▸ ACTION ITEM
Search the data for the string "Gold", and report each line where it is found.

▸ TASK DATA
════

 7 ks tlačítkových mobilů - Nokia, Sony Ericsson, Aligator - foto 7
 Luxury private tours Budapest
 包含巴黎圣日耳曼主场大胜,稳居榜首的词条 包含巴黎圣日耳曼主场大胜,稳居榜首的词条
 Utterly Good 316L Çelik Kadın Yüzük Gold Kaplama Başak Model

════

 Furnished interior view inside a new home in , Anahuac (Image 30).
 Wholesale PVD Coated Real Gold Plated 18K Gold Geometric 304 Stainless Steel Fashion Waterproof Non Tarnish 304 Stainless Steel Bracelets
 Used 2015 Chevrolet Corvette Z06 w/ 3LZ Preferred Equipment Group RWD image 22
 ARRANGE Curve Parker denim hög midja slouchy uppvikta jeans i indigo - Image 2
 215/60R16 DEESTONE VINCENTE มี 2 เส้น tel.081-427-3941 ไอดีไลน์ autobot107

════

▸ EXERCISE SOLUTION
 Utterly Good 316L Çelik Kadın Yüzük Gold Kaplama Başak Model
 Wholesale PVD Coated Real Gold Plated 18K Gold Geometric 304 Stainless Steel Fashion Waterproof Non Tarnish 304 Stainless Steel Bracelets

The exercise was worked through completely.